··· Data extracts
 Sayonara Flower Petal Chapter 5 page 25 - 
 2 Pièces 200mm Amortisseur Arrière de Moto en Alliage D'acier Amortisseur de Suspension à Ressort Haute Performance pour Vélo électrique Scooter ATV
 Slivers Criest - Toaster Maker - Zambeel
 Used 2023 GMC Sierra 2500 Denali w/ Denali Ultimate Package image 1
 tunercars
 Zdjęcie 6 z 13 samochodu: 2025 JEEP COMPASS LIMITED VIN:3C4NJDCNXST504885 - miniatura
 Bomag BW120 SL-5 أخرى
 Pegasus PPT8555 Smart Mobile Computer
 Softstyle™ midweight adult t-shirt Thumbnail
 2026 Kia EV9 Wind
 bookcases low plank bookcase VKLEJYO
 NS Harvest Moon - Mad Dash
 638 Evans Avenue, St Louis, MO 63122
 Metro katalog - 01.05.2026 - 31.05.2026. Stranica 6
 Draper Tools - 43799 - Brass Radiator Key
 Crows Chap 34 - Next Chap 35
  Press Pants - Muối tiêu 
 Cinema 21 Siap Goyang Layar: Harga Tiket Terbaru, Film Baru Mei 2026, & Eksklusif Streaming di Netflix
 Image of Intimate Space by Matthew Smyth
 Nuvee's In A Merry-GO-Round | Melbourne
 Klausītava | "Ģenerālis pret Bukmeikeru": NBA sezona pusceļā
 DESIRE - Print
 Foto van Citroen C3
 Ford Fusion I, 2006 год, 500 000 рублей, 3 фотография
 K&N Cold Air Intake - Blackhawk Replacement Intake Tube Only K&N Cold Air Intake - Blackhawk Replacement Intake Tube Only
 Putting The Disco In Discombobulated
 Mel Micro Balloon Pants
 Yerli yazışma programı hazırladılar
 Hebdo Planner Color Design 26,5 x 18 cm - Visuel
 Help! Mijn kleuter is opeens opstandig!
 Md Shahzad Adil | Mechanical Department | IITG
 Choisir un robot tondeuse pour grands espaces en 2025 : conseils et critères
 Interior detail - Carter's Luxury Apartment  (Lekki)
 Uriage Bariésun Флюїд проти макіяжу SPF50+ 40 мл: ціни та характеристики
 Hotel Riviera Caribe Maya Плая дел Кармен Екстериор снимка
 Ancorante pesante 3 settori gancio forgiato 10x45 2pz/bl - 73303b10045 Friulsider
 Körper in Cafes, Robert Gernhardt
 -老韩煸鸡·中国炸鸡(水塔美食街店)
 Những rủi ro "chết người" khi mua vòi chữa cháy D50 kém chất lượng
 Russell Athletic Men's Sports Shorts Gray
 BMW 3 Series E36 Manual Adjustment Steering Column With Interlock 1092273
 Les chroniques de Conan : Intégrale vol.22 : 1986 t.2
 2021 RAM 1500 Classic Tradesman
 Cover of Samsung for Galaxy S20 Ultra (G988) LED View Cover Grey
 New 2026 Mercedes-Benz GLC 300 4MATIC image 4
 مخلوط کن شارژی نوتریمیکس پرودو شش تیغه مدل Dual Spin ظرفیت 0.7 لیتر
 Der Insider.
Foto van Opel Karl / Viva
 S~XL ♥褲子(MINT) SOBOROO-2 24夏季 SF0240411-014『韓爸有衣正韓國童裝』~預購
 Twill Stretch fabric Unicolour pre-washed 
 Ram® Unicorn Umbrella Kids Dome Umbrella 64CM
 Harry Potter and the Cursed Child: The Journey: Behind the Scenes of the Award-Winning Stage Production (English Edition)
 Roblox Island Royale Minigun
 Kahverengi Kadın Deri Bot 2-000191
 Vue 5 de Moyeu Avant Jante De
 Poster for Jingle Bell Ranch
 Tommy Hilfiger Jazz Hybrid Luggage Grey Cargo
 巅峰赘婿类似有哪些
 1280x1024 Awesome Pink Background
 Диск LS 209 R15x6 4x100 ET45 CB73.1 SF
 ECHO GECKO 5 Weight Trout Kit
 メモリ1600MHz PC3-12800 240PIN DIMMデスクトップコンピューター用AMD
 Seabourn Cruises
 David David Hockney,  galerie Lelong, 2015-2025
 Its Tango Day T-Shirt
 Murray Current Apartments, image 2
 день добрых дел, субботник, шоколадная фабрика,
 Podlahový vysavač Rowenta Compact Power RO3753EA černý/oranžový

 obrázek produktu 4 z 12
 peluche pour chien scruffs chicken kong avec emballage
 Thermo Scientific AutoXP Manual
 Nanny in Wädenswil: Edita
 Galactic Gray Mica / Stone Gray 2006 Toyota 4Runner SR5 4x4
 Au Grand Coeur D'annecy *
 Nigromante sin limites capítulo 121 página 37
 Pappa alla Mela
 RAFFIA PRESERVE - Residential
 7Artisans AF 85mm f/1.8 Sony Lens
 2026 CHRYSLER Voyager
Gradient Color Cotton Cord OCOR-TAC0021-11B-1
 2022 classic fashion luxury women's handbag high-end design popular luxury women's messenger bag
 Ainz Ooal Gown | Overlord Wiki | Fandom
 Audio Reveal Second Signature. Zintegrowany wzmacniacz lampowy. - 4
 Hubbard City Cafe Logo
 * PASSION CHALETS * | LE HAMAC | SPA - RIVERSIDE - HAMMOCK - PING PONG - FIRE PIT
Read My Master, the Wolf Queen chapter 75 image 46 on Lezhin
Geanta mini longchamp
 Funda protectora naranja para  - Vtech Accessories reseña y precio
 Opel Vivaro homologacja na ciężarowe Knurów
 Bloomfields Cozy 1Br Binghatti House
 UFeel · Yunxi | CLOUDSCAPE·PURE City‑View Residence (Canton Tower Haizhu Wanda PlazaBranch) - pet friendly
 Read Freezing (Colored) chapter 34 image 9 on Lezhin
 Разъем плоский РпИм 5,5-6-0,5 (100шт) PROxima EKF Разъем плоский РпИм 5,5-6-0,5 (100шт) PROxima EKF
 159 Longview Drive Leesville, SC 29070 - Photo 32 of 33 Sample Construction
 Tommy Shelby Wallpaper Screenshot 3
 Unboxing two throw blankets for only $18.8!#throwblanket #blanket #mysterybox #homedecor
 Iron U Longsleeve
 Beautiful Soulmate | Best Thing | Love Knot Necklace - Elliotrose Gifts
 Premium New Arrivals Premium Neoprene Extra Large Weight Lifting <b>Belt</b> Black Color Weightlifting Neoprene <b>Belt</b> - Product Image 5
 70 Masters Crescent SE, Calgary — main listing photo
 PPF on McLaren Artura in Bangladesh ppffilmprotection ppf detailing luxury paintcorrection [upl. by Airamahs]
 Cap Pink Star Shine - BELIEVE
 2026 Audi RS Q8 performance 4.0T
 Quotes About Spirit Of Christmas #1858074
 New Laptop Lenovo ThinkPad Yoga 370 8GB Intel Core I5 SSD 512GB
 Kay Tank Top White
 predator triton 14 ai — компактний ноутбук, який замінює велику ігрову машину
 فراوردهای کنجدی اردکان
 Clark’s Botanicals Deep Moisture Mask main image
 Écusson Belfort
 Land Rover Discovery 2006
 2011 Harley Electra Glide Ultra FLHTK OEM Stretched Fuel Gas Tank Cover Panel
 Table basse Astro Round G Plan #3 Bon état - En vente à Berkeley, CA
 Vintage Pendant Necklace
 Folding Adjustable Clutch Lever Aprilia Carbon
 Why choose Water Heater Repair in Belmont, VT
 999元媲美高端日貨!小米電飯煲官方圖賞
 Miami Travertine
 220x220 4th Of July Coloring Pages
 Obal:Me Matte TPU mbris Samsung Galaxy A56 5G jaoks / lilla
······
- Task instructions -
All entries must be repeated verbatim.

- Completed task -
 Sayonara Flower Petal Chapter 5 page 25 - 
 2 Pièces 200mm Amortisseur Arrière de Moto en Alliage D'acier Amortisseur de Suspension à Ressort Haute Performance pour Vélo électrique Scooter ATV
 Slivers Criest - Toaster Maker - Zambeel
 Used 2023 GMC Sierra 2500 Denali w/ Denali Ultimate Package image 1
 tunercars
 Zdjęcie 6 z 13 samochodu: 2025 JEEP COMPASS LIMITED VIN:3C4NJDCNXST504885 - miniatura
 Bomag BW120 SL-5 أخرى
 Pegasus PPT8555 Smart Mobile Computer
 Softstyle™ midweight adult t-shirt Thumbnail
 2026 Kia EV9 Wind
 bookcases low plank bookcase VKLEJYO
 NS Harvest Moon - Mad Dash
 638 Evans Avenue, St Louis, MO 63122
 Metro katalog - 01.05.2026 - 31.05.2026. Stranica 6
 Draper Tools - 43799 - Brass Radiator Key
 Crows Chap 34 - Next Chap 35
  Press Pants - Muối tiêu 
 Cinema 21 Siap Goyang Layar: Harga Tiket Terbaru, Film Baru Mei 2026, & Eksklusif Streaming di Netflix
 Image of Intimate Space by Matthew Smyth
 Nuvee's In A Merry-GO-Round | Melbourne
 Klausītava | "Ģenerālis pret Bukmeikeru": NBA sezona pusceļā
 DESIRE - Print
 Foto van Citroen C3
 Ford Fusion I, 2006 год, 500 000 рублей, 3 фотография
 K&N Cold Air Intake - Blackhawk Replacement Intake Tube Only K&N Cold Air Intake - Blackhawk Replacement Intake Tube Only
 Putting The Disco In Discombobulated
 Mel Micro Balloon Pants
 Yerli yazışma programı hazırladılar
 Hebdo Planner Color Design 26,5 x 18 cm - Visuel
 Help! Mijn kleuter is opeens opstandig!
 Md Shahzad Adil | Mechanical Department | IITG
 Choisir un robot tondeuse pour grands espaces en 2025 : conseils et critères
 Interior detail - Carter's Luxury Apartment  (Lekki)
 Uriage Bariésun Флюїд проти макіяжу SPF50+ 40 мл: ціни та характеристики
 Hotel Riviera Caribe Maya Плая дел Кармен Екстериор снимка
 Ancorante pesante 3 settori gancio forgiato 10x45 2pz/bl - 73303b10045 Friulsider
 Körper in Cafes, Robert Gernhardt
 -老韩煸鸡·中国炸鸡(水塔美食街店)
 Những rủi ro "chết người" khi mua vòi chữa cháy D50 kém chất lượng
 Russell Athletic Men's Sports Shorts Gray
 BMW 3 Series E36 Manual Adjustment Steering Column With Interlock 1092273
 Les chroniques de Conan : Intégrale vol.22 : 1986 t.2
 2021 RAM 1500 Classic Tradesman
 Cover of Samsung for Galaxy S20 Ultra (G988) LED View Cover Grey
 New 2026 Mercedes-Benz GLC 300 4MATIC image 4
 مخلوط کن شارژی نوتریمیکس پرودو شش تیغه مدل Dual Spin ظرفیت 0.7 لیتر
 Der Insider.
Foto van Opel Karl / Viva
 S~XL ♥褲子(MINT) SOBOROO-2 24夏季 SF0240411-014『韓爸有衣正韓國童裝』~預購
 Twill Stretch fabric Unicolour pre-washed 
 Ram® Unicorn Umbrella Kids Dome Umbrella 64CM
 Harry Potter and the Cursed Child: The Journey: Behind the Scenes of the Award-Winning Stage Production (English Edition)
 Roblox Island Royale Minigun
 Kahverengi Kadın Deri Bot 2-000191
 Vue 5 de Moyeu Avant Jante De
 Poster for Jingle Bell Ranch
 Tommy Hilfiger Jazz Hybrid Luggage Grey Cargo
 巅峰赘婿类似有哪些
 1280x1024 Awesome Pink Background
 Диск LS 209 R15x6 4x100 ET45 CB73.1 SF
 ECHO GECKO 5 Weight Trout Kit
 メモリ1600MHz PC3-12800 240PIN DIMMデスクトップコンピューター用AMD
 Seabourn Cruises
 David David Hockney,  galerie Lelong, 2015-2025
 Its Tango Day T-Shirt
 Murray Current Apartments, image 2
 день добрых дел, субботник, шоколадная фабрика,
 Podlahový vysavač Rowenta Compact Power RO3753EA černý/oranžový

 obrázek produktu 4 z 12
 peluche pour chien scruffs chicken kong avec emballage
 Thermo Scientific AutoXP Manual
 Nanny in Wädenswil: Edita
 Galactic Gray Mica / Stone Gray 2006 Toyota 4Runner SR5 4x4
 Au Grand Coeur D'annecy *
 Nigromante sin limites capítulo 121 página 37
 Pappa alla Mela
 RAFFIA PRESERVE - Residential
 7Artisans AF 85mm f/1.8 Sony Lens
 2026 CHRYSLER Voyager
Gradient Color Cotton Cord OCOR-TAC0021-11B-1
 2022 classic fashion luxury women's handbag high-end design popular luxury women's messenger bag
 Ainz Ooal Gown | Overlord Wiki | Fandom
 Audio Reveal Second Signature. Zintegrowany wzmacniacz lampowy. - 4
 Hubbard City Cafe Logo
 * PASSION CHALETS * | LE HAMAC | SPA - RIVERSIDE - HAMMOCK - PING PONG - FIRE PIT
Read My Master, the Wolf Queen chapter 75 image 46 on Lezhin
Geanta mini longchamp
 Funda protectora naranja para  - Vtech Accessories reseña y precio
 Opel Vivaro homologacja na ciężarowe Knurów
 Bloomfields Cozy 1Br Binghatti House
 UFeel · Yunxi | CLOUDSCAPE·PURE City‑View Residence (Canton Tower Haizhu Wanda PlazaBranch) - pet friendly
 Read Freezing (Colored) chapter 34 image 9 on Lezhin
 Разъем плоский РпИм 5,5-6-0,5 (100шт) PROxima EKF Разъем плоский РпИм 5,5-6-0,5 (100шт) PROxima EKF
 159 Longview Drive Leesville, SC 29070 - Photo 32 of 33 Sample Construction
 Tommy Shelby Wallpaper Screenshot 3
 Unboxing two throw blankets for only $18.8!#throwblanket #blanket #mysterybox #homedecor
 Iron U Longsleeve
 Beautiful Soulmate | Best Thing | Love Knot Necklace - Elliotrose Gifts
 Premium New Arrivals Premium Neoprene Extra Large Weight Lifting <b>Belt</b> Black Color Weightlifting Neoprene <b>Belt</b> - Product Image 5
 70 Masters Crescent SE, Calgary — main listing photo
 PPF on McLaren Artura in Bangladesh ppffilmprotection ppf detailing luxury paintcorrection [upl. by Airamahs]
 Cap Pink Star Shine - BELIEVE
 2026 Audi RS Q8 performance 4.0T
 Quotes About Spirit Of Christmas #1858074
 New Laptop Lenovo ThinkPad Yoga 370 8GB Intel Core I5 SSD 512GB
 Kay Tank Top White
 predator triton 14 ai — компактний ноутбук, який замінює велику ігрову машину
 فراوردهای کنجدی اردکان
 Clark’s Botanicals Deep Moisture Mask main image
 Écusson Belfort
 Land Rover Discovery 2006
 2011 Harley Electra Glide Ultra FLHTK OEM Stretched Fuel Gas Tank Cover Panel
 Table basse Astro Round G Plan #3 Bon état - En vente à Berkeley, CA
 Vintage Pendant Necklace
 Folding Adjustable Clutch Lever Aprilia Carbon
 Why choose Water Heater Repair in Belmont, VT
 999元媲美高端日貨!小米電飯煲官方圖賞
 Miami Travertine
 220x220 4th Of July Coloring Pages
 Obal:Me Matte TPU mbris Samsung Galaxy A56 5G jaoks / lilla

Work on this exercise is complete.